Glissant - Se nós nos reportamos às civilizações antigas, damo-nos conta de que, no momento em que a escrita aparece, ocorre a passagem do oral para a escrita. Os textos do Antigo Testamento, por exemplo, foram primeiro ditos e só depois foram escritos.
Durante dois milênios, vivemos com a idéia de que o escrito é transcendente em relação ao oral. A civilização oral foi considerada inferior. Hoje, com a emergência das velhas culturas orais, na África, por exemplo, e, com o cinema e a televisão, nós deixamos de considerar que a oralidade é inferior.
Folha - Mas, nesse caso, o que justifica um antilhano, ou um brasileiro, escrever, contrariar a tendência natural da própria cultura, que é a oralidade?
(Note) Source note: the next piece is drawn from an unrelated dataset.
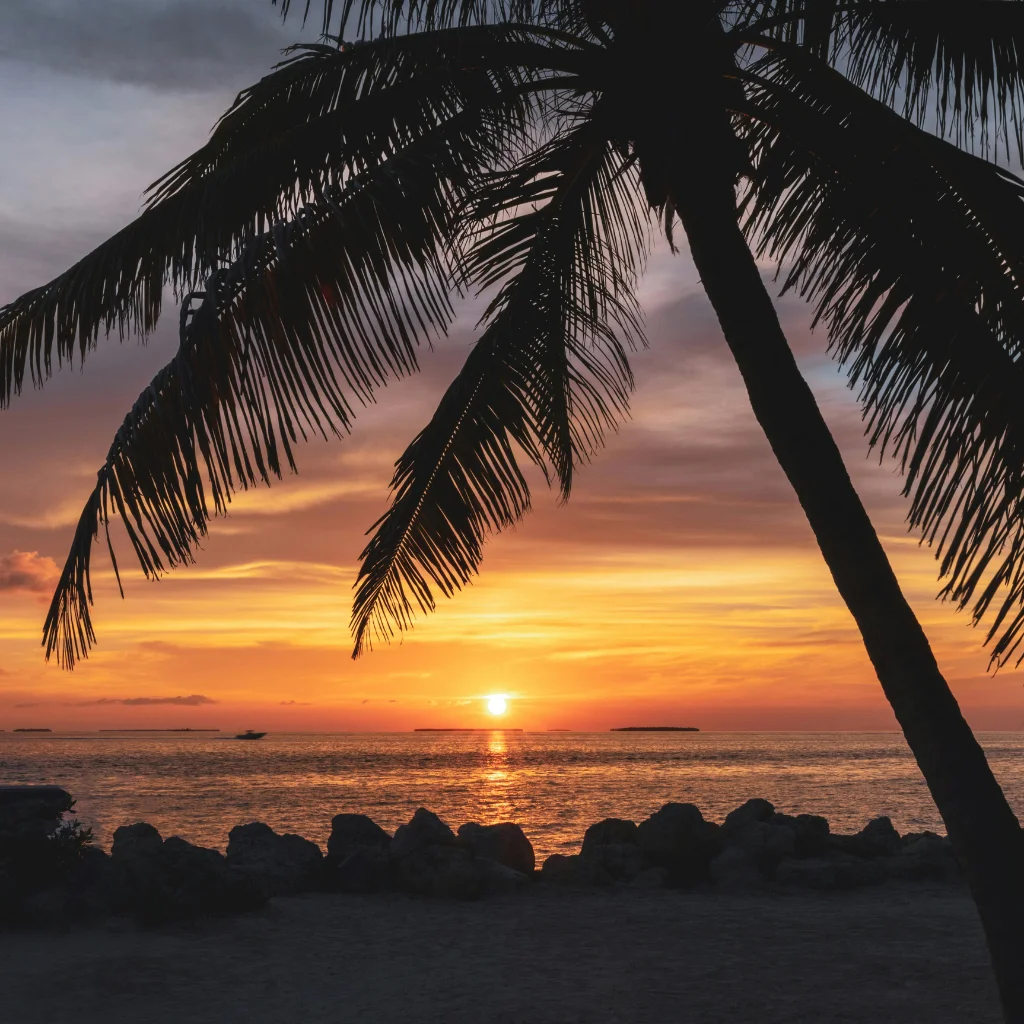 Key West sunset with silhouetted palm trees over the ocean beach at dusk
Glissant - Se nós não fizermos a experiência da escrita, nós entramos na modernidade com algo a menos. Seria melhor mostrar que a escrita pode se tornar mais interessante com as técnicas da oralidade, que temos uma prática da escrita muito mais aberta para o oralidade, capaz de servir à expressão de nós mesmos. O melhor é tender para soluções de síntese e não de fechamento.
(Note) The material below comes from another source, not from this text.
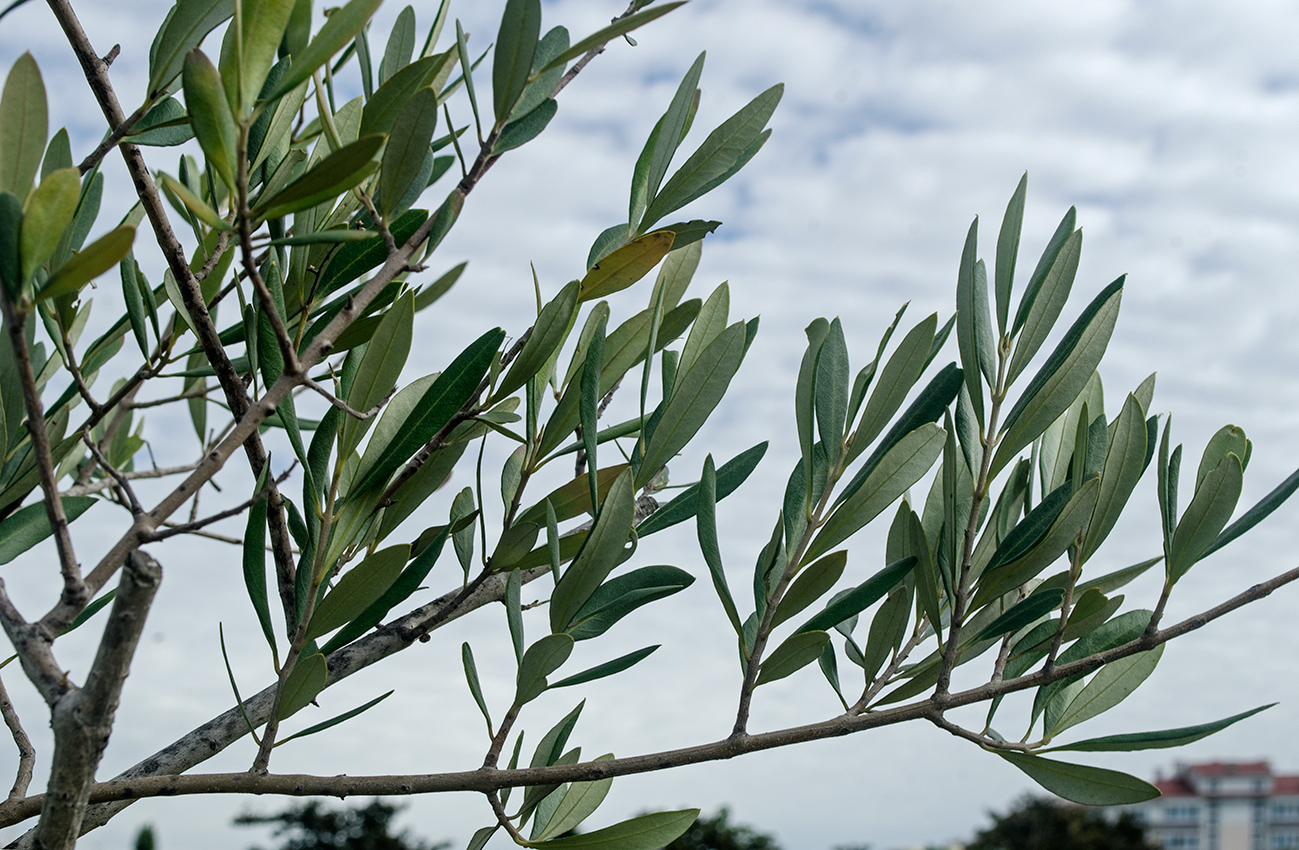 Image of Olea europaea specimen.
Quando eu escrevo na língua francesa, aplico a ela a economia da oralidade, do contador crioulo, tento construir algo que ultrapassa tudo que já foi feito, ultrapassa os próprios gêneros literários...
Folha - A sua posição resulta na produção de textos que não aceitam os limites dos gêneros e nem obedecem as regras estabelecidas para os diferentes gêneros literários. O mercado internacional tende a recusar esses textos e o escritor tende a desaparecer. O senhor poderia falar sobre isso?
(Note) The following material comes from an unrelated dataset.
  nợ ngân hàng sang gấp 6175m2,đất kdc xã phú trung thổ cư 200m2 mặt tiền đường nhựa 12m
Glissant - Não tenderá a desaparecer e sim a levar mais tempo para ser aceito. Foi isso que me aconteceu na França, onde consideravam que o meu texto era difícil por causa da oralidade. Mas pouco a pouco a coisa foi se impondo. O que eu digo hoje é muito ouvido nos meios intelectuais franceses e, há 20 anos atrás, não era. É preciso obstinar, não levar em conta as rejeições, que são sempre passageiras.
Folha - O senhor diz que o conceito hoje deve ser fecundado pela imaginação. Seria possível me explicar isso?
Glissant - No início das culturas ocidentais, o pensamento poético era fundamental. Na época dos pré-socráticos, não existia separação entre o homem e o mundo. Foi com Sócrates que houve a separação e o poético, que não separa o homem do mundo, se tornou secundário. Mas, em certas culturas africanas, nas culturas ameríndias, a separação não existe, assim como no movimento ecológico. O que diz a ecologia? Que se você estraga a terra, o ar, você faz o homem morrer.
Trata-se de uma volta ao poético, a uma forma de conhecimento que não é separável da palpitação do mundo, a um conceito fecundado pelo imaginário. Acho que a falência do pensamento do sistema, do marxismo, por exemplo, favorece um outro modo de pensar, que é mais frágil, porém é menos imperativo e menos tirânico.
Ao pensamento do sistema, que ignora o tempo, podemos opor um outro que implica na rememoração: o pensamento do traço, única possibilidade de sobrevida no Novo Mundo, para os descendentes dos africanos deportados. Não fosse o traço dos deuses, dos costumes e das línguas, este povo não teria tido como se perpetuar e, não fosse a reinvenção do traço, não poderia fazer o seu gênio se espraiar pelo planeta, com o jazz, as músicas do Caribe e das Américas.